At Conflux a couple of days ago, I had my Friday celebration of still being alive and of having a career despite all kinds of big things going wrong. There were a bunch of people there (which – in the middle of a work day – is not a given) and some books were bought and my food was much enjoyed. The not-so-good was that my voice is still weak after the laryngitis and everyone was so busy chatting that most of them didn’t listen for me. I had to ask a friend with a stronger voice to get enough attention to give out door prizes, and only a few people heard him. This means the reading I prepared didn’t happen and the questions people told me they wanted answered didn’t even get asked. I regret this very much. It added to my list of what disabilities do when those around them don’t pay enough attention: those with voice or hearing issues have to deal with situations like this everyday. I knew this in theory, for friends have told me how they had to rejig something or how their experience wasn’t the one reported on but it really makes a difference to understanding when it happens to one, personally. One of the things events managers should be watching for is ambient noise (music and etc) in areas where there will be events. One of the things those of us attending events need to watch for (listen for!) are effects from this on people who can’t raise their voice above them. This is important and I needed the reminder.
My workshop went well. We had to shut the door to keep out the music and hall noise that were a problem in the launch zone, but we had a door to shut, so we were fine. My participants were bright and thoughtful and are now rethinking the big stuff, which is my perfect outcome.

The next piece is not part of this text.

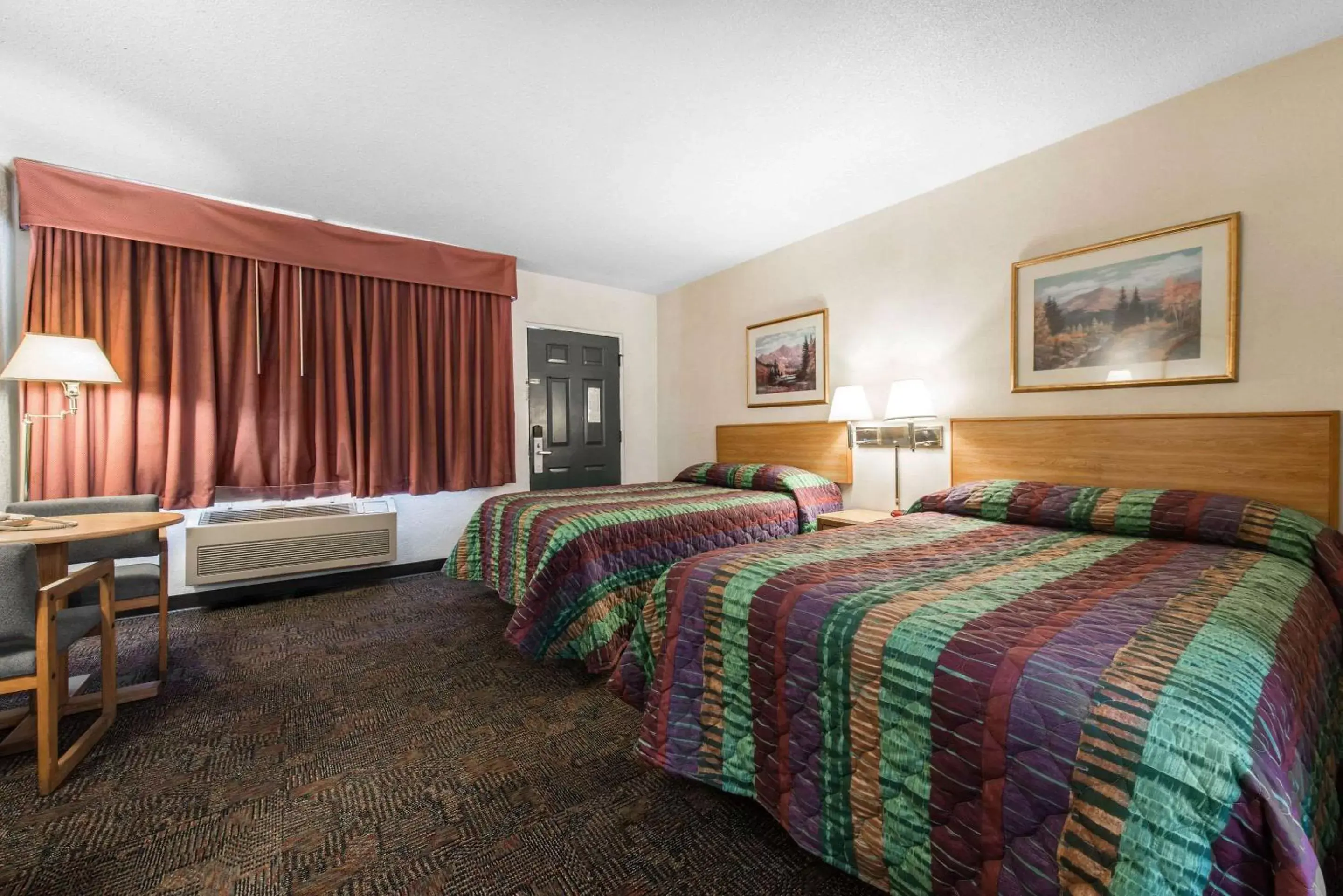 Photo of the whole room, Bed in Rodeway Inn & Suites Colorado Springs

And these last few days I’ve been thinking of what ‘Own Voices’ means in everyday terms. This fits in with my thoughts a few blog posts ago. If we don’t let people communicate their culture their way (if we offer to do so for them rather than clearing a path) we’re claiming hierarchical superiority on the subject. This came into the workshop a little, but mostly is coming into my life as I find out how various of us do the everyday in Australia and what it means to belong to this group or the other.